Дикий замечает: «Боль Сулержицкого, его страх за судьбы студии я, понятное дело, тогда не разделял». Тогда — здоровый особым здоровьем молодого военного, знающий, что в театр он вернется, что его ждут — ничего не чувствует. Или не хочет чувствовать.

Во всяком случае — ученик снова едет поездом на запад, к фронту.

Осенью шестнадцатого года Евпатория опустела, как положено приморскому курорту. Педагогам — учить, детям — учиться, театральному народу — играть; Сулеры остались в тишине и осеннем просторе. Если бы попросили, конечно, театр оставил бы кого-то им в помощь. И вообще — все знали, что у Сулера больные почки. Но что он так болен, что лекарства не помогают — кроме Ольги Ивановны никто не знал. Хороший доктор Рабинович делал все, что нужно. Объяснял: нарушен белковый обмен, белок везде откладывается кусочками. Когда на сетчатке — хуже видишь. В легких — надо белок промывать, гнать из себя. Очищаться. Доктор работал в Каире, где исцелялись туберкулезники и нефритчики. Помните? Сулер с Антоном Павловичем Чеховым — всерьез! — собирались в Каир. У Чехова туберкулез был в разгаре, Сулер тогда только утеплялся своей фуфайкой и вспоминал канадские мерзлые дороги. Если бы и были сейчас деньги — до Каира не доехать, не доплыть (война, морская блокада, подводные лодки свирепствуют). Самолеты существуют только в качестве разведчиков или бомбометателей. И вообще — кто верит в пассажирские самолеты? Будущее пророчат дирижаблям…

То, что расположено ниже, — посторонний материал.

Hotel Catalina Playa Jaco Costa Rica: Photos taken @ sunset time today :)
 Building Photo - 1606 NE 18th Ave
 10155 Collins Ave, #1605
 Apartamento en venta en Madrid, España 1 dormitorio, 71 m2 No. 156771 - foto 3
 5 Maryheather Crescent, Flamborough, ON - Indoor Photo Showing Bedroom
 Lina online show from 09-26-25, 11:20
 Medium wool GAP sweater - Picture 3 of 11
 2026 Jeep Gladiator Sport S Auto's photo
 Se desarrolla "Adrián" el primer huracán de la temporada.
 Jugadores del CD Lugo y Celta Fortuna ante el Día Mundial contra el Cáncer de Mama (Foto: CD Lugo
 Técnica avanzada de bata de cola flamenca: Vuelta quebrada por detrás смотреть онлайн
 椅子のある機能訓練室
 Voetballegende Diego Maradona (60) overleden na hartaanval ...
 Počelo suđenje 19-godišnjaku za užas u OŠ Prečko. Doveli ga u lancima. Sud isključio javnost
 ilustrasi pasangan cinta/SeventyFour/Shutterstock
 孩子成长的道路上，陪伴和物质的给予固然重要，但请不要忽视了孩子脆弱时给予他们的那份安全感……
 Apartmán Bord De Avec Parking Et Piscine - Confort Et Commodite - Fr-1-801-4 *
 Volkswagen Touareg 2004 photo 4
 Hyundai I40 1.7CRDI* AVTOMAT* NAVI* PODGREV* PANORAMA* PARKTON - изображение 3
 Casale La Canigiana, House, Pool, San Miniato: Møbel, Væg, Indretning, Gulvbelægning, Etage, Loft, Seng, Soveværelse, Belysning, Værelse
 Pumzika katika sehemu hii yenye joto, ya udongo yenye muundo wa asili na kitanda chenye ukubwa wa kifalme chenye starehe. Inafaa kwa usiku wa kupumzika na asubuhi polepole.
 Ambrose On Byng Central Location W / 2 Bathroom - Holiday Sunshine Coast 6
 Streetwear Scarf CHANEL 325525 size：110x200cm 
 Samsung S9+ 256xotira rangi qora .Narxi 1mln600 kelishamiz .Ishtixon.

Москва в октябре шестнадцатого встречает ранними сумерками. На вокзале не встретили. Но извозчики еще не проблема. Сулеры едут Петроградским шоссе, мимо Ходынки и все ближе запах шоколада с фабрики «Сиу и Ко». Фабрика процветает: шоколад идет в офицерские пайки, летчикам и морякам. Сиу — французская фамилия, поэтому фабрику не громили.

Утром явился всегда пунктуальный Лубенин с шубой — доказательством, что он был на вокзале, где объявили, что поезд сильно опаздывает и будет только утром.